Б. Безрассудное создание долгов, как это видно у Аристофана; в то время как за пределами Афин долговое рабство сохранялось еще долгое время (Герман, «Griech. Privatalterth.», § 57, 20). Во времена Демосфена купец, просрочивший выплату своих долгов, заключался в тюрьму, а должник по морскому займу, лишивший кредитора обеспечения, мог быть наказан смертью (Демосфен, «Против Формиона», 922, 958), и это несмотря на то, что была введена cessio honorum (уступка имущества). Герман, § 70, 3. Ср. Ксенофонт, «О доходах», 3; Демосфен, «Против Апатория», 892; «Против Лакрита» и «Против Дионисодора». В Коринфе государство контролировало расходы частных лиц. Это было частью его кредитной политики (Афиней, VI, 227). О примечательном родосском законе, касающемся долгов, см. Секст Эмпирик, «Hypot.», I, 149.
В Риме:
А. Главной характеристикой древнего права в этом вопросе была возможная продажа личности должника при получении займа (nexum); право кредитора предать addictus смерти или продать его в чужие края; наконец, in partes secanto (разрезание на части) при конкурсе кредиторов.
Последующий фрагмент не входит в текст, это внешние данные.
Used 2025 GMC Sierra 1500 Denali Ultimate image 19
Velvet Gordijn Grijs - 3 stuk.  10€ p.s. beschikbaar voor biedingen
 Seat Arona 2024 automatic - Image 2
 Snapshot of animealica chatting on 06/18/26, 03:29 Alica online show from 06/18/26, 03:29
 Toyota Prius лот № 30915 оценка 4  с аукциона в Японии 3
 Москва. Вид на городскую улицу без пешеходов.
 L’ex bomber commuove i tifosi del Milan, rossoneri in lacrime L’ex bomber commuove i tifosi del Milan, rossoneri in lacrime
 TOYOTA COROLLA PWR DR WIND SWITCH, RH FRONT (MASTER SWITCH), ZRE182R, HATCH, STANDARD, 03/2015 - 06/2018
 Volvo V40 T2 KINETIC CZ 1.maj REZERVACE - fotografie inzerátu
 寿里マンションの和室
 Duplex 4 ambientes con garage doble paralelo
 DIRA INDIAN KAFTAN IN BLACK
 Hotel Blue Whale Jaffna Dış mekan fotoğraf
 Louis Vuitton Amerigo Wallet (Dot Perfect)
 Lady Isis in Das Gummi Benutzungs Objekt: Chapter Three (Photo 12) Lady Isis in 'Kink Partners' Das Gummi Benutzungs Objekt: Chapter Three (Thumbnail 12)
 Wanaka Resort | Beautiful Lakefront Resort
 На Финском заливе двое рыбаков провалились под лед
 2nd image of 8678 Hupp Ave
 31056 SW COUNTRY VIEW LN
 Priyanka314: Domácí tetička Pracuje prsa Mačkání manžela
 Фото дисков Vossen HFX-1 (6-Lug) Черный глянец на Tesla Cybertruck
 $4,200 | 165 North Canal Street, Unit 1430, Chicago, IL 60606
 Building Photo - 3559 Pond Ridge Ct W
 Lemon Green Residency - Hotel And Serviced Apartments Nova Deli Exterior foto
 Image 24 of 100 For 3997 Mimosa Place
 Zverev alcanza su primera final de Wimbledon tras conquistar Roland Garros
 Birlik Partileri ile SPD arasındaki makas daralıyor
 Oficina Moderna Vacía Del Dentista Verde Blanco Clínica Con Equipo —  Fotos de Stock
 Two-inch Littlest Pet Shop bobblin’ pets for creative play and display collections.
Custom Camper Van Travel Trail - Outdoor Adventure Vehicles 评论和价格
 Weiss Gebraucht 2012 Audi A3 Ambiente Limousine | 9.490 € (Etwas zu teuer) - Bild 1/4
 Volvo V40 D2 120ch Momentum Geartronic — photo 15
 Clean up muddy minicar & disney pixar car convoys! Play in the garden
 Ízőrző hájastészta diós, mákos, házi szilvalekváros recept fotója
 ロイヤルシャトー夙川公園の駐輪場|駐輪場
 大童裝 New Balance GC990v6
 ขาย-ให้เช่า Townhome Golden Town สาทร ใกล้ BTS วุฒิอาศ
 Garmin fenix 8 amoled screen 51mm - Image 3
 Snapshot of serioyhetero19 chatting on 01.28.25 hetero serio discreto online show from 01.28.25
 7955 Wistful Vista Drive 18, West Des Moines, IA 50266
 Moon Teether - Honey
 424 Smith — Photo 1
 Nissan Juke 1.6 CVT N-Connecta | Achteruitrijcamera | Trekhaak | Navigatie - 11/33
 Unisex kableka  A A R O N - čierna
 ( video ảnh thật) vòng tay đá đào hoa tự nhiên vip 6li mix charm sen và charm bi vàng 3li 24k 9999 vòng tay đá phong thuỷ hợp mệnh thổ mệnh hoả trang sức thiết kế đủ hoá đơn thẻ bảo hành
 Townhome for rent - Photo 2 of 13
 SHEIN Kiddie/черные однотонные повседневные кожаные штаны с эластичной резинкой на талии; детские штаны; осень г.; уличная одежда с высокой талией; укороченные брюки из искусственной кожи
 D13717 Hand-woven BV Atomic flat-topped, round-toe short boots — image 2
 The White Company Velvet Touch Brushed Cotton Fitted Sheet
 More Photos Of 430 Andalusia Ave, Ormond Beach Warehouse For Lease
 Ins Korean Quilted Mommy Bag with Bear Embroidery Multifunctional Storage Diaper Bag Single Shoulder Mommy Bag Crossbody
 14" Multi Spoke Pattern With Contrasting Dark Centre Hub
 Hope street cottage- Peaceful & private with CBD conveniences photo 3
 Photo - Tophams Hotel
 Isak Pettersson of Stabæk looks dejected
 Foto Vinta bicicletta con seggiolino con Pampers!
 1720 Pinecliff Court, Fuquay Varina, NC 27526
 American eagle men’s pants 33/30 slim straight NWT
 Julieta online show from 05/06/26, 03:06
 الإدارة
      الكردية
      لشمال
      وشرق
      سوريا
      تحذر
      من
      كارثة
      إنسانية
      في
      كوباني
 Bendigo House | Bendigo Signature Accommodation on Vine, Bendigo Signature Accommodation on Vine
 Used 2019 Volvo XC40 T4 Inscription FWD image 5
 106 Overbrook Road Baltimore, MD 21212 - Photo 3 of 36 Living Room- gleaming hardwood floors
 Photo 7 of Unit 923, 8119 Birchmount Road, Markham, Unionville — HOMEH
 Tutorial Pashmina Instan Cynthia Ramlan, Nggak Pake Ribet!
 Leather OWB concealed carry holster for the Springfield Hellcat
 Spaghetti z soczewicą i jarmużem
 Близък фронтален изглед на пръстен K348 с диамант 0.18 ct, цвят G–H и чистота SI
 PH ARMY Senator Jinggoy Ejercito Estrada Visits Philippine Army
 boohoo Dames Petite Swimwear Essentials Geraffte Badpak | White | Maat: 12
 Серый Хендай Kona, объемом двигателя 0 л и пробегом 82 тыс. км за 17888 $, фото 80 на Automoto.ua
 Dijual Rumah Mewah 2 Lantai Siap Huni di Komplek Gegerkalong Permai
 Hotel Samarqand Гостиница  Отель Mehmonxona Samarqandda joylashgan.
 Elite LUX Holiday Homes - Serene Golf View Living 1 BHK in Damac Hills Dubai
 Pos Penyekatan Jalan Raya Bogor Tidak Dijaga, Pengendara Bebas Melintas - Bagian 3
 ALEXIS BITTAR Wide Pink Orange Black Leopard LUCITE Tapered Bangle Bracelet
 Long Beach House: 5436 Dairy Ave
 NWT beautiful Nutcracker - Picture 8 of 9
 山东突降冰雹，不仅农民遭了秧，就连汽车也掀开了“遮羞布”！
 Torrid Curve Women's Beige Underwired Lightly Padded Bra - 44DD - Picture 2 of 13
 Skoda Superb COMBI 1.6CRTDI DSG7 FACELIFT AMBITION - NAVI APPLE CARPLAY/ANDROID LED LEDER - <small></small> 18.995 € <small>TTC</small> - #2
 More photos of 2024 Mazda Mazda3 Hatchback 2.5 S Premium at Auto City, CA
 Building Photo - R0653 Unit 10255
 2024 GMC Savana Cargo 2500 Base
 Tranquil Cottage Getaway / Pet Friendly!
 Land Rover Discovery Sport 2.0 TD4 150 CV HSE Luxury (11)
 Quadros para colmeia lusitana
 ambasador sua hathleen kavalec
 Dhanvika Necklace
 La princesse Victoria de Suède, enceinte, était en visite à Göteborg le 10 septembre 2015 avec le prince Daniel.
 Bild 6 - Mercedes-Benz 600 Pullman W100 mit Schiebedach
Без этих суровых положений заемщик мог бы легко уклониться от своих долгов путем эмансипации своего сына и передачи ему своего имущества (Нибур, «Римская история», II, 770 и сл.; Фридрих Карл фон Савиньи в «Abh. der Berliner Acad.», 1833; Циммерн, «Gesch. des röm. Privatrechts», III, 131 и сл.).
Б. Позднее мы не находим ничего об экзекуции должника или продаже его личности; но он мог быть принужден к рабскому труду на своего кредитора без какой-либо защиты от жестокого обращения. Долговое рабство было ограничено законом Петелия (Нибур, III, стр. 178; Моммзен, III, 494). Преторское право ввело обычай вводить кредитора во владение имуществом должника с правом продажи, что делало должника бесчестным. См. несколько отрывков у Вальтера, «Röm Rechtsgesch», 763 и сл.; Тертуллиан, «Апология», 4; Tab. Herac. I, 115 и сл. Позднее закон Юлия Цезаря позволил честному должнику избежать тюремного заключения путем уступки своего имущества.